La voie bouddhiste de l’octuple sentier se décompose en deux branches principales dont la première est toute entière dédiée à la Vision. La seconde branche est appelée …Transformation et correspond aux sept autres sentiers (émotion, parole, action, moyens d’existence, effort, prise de conscience et méditation justes). Ainsi la Vision Juste est première dans l’octuple sentier, mais elle est également considérée en regard des autres, en regard de la transformation.
La notion de philosophie est une construction occidentale. Le mot indien « darsana », abusivement traduit par « philosophie » provient d’un mot signifiant « voir, ce qui est vu, perspective » et qui lorsqu’on le traduit par « compréhension » se réfère davantage à l’observation attentive qu’à la raison. On traite donc ici de la différence fondamentale entre l’abstraction occidentale -la pensée-, et l’expérience directe orientale.
Le bouddhisme considère deux sortes de visions : la mauvaise et la bonne ! La vision juste est définie comme le contraire de la fausse… Il s’agit ainsi et tout d’abord d’une vision désencombrée de ses défauts.
La vision n’est jamais abstraite : il s’agit toujours de la vision de quelqu’un. Distinguons donc deux sortes de personnes : ceux qui ont une vision fausse et ceux qui ont une vision juste. La tradition bouddhiste les nomme respectivement prthagjanas « les gens ordinaires » et aryas « les êtres nobles ».

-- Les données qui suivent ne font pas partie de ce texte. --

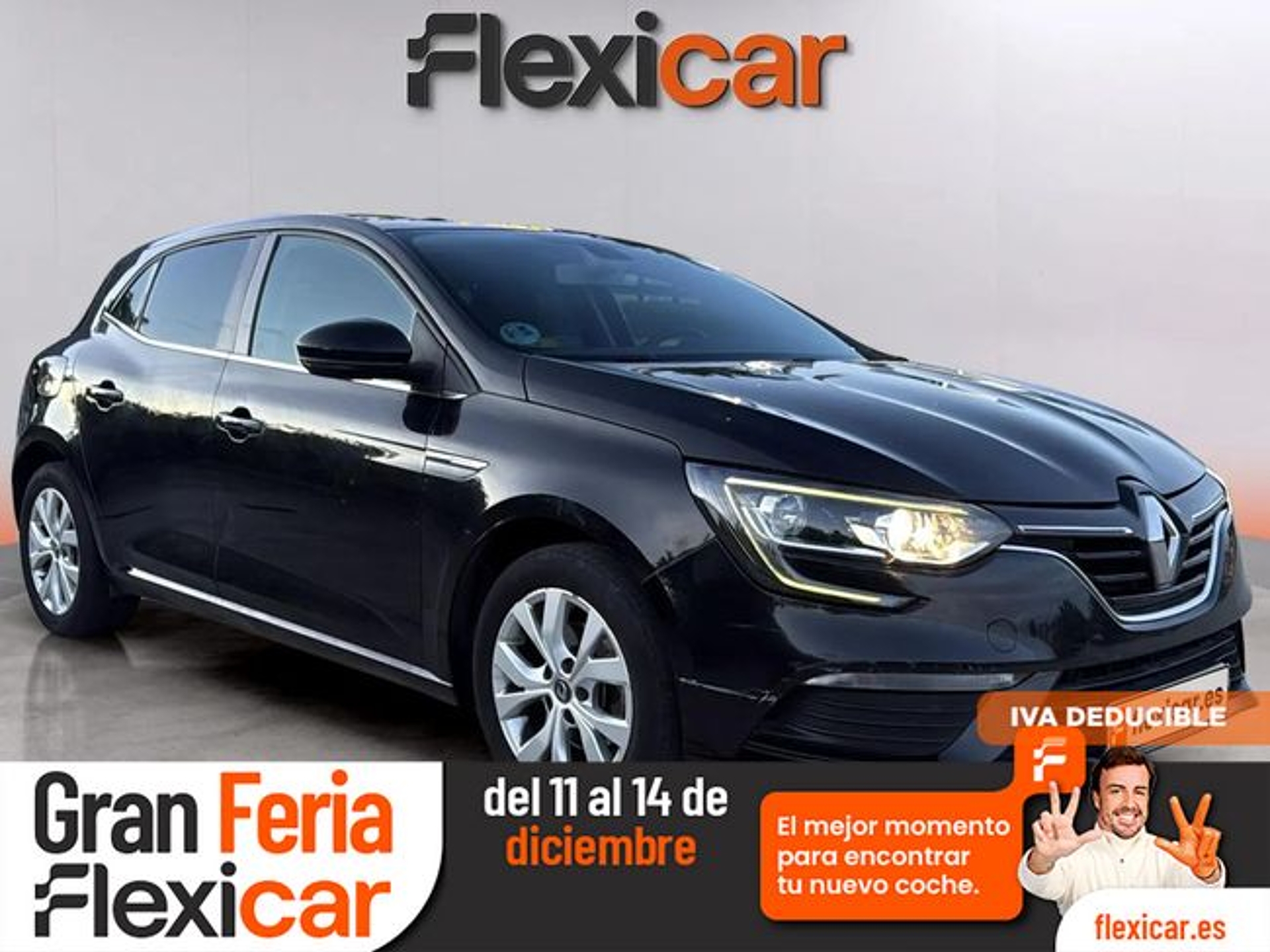 Imagen de RENAULT Mégane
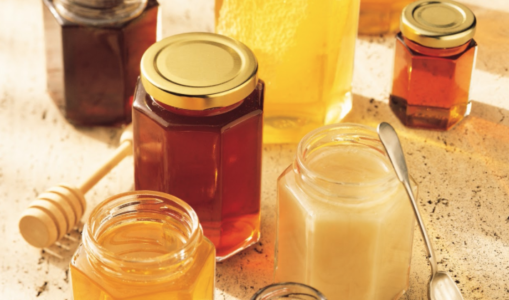 Ayurveda: Honey – The Natural Healer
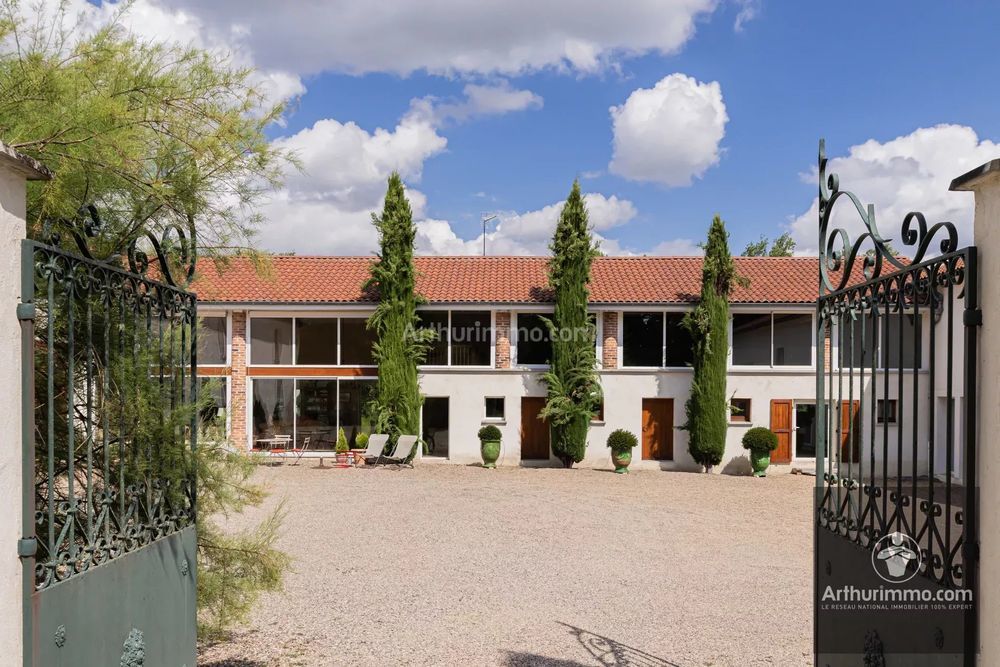 � vendre  Villa Clepp� (42110)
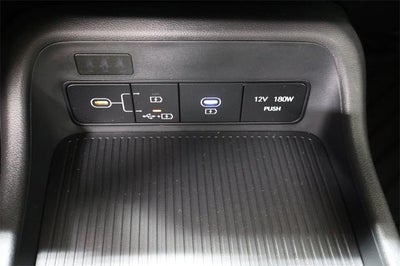 2026 Hyundai KONA SE AWD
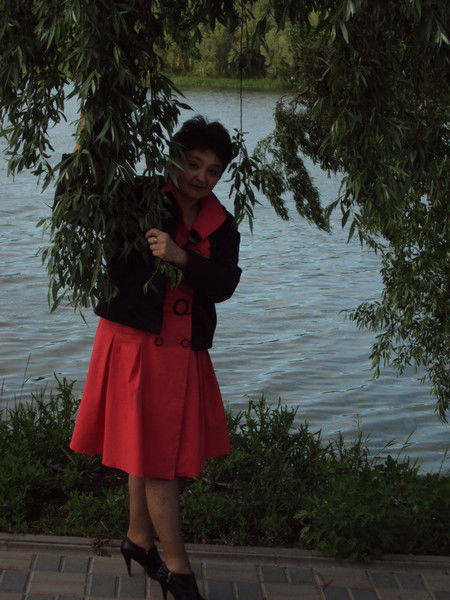 Рамзия Алгина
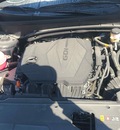 hyundai tucson 2 5l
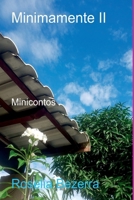 Minimamente Ii (Portuguese Edition) 6526620795 Book Cover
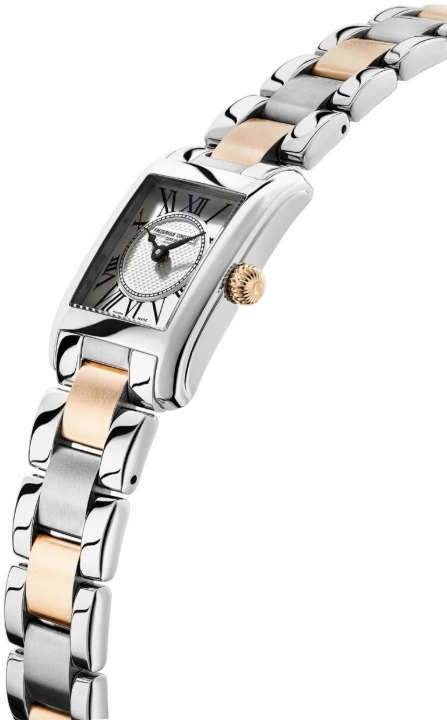 Obrazek Frederique Constant Classics Carrée Ladies
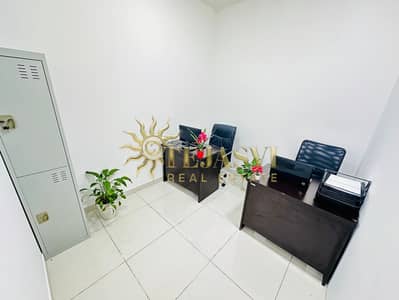 Office for Rent in Bur Dubai, Dubai - 14921376-a688-43d5-838a-6f633ac06017. jpg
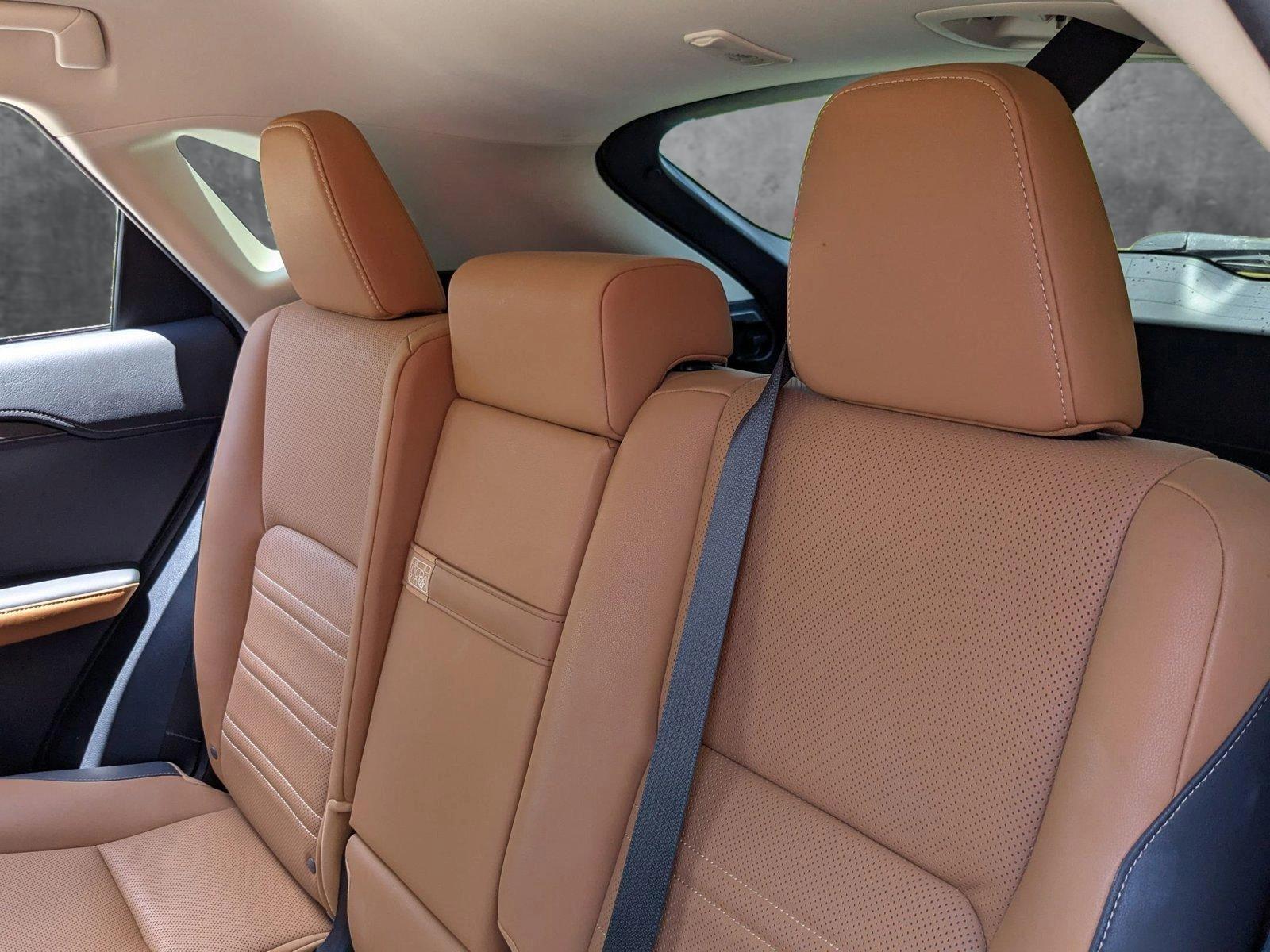 2020 Lexus NX 300 Vehicle Photo in West Palm Beach, FL 33417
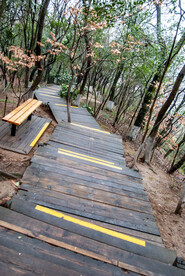 山路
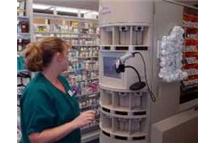 Roboty mogą być dobrymi farmaceutami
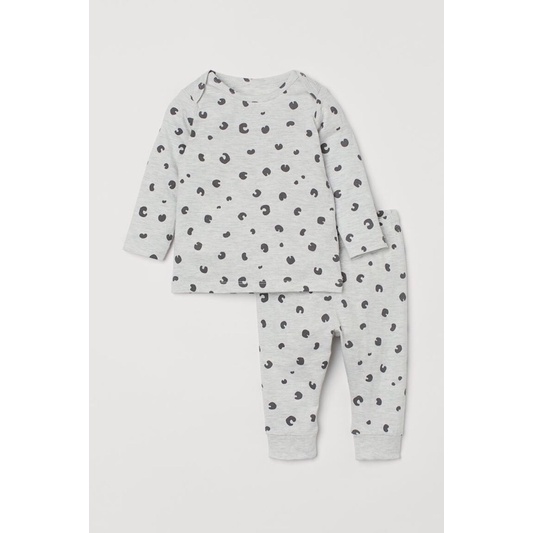 [KIDDO] Set đồ H&amp;M cực xinh cho bé trai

La tentation est grande de rapprocher ces termes de 小人 (xiǎo rén) et 大人 (dà rén), respectivement « l’être petit » et « l’être grand » de notre Yi Jing. 君子 « l’homme noble » ou « l’être accompli » de la Grande Image, lorsqu’il considère les signes trigrammatiques et s’en inspire pour rectifier sa conduite et accomplir l’action appropriée (juste?) semble bien emprunter le premier chemin de l’octuple sentier avant de mettre en œuvre la transformation…
Mais quelles sont donc les caractéristiques d’une mauvaise vision ? Elles sont au nombre de trois…
La mauvaise vision :
Une mauvaise vision est, pour commencer, une vision faible. Le regard de l’observateur manque de puissance, d’énergie personnelle. Sa portée ne s’étend donc pas très loin ou manque de discernement. La vision n’a pas la force de pénétrer le monde et le « geste de voir » manquant de vigueur ne s’applique pas distinctement. La clarté pour s’affranchir des brumes des apparences et voir plus loin que le bout de notre nez n’est pas présente et ne nous permet donc pas de constater les choses telles qu’elles sont, par l’expérience directe de leur réalité.
Une mauvaise vision est, d’autre part, limitée. Le champ visuel est étroit, comme réduit par des œillères. Cela empêche bien sûr de détecter certains éléments d’informations, mais cela invalide surtout la vision large, la perception globale de la situation : peu d’éléments à la fois entrent dans notre champ de vision. Notre capacité de jugement et de combinaison pour l’analyse de la situation sont ainsi restreints.Une mauvaise vision est, pour finir, déformée. L’altération peut affecter la forme, mais aussi la couleur : comme si l’on regardait la réalité à travers une bouteille. Les préjugés sont un facteur important de déformation du réel, mais notre état émotionnel du moment peut également intervenir. Notre propre incapacité à accepter l’inattendu, le changement, donc notre absence de souplesse ou au contraire une réaction excessive aux informations ou stimulis déforment notre perception de la réalité.
Une vision faible, limitée et déformée est une mauvaise vision.
Une vision juste est l’opposé de cela.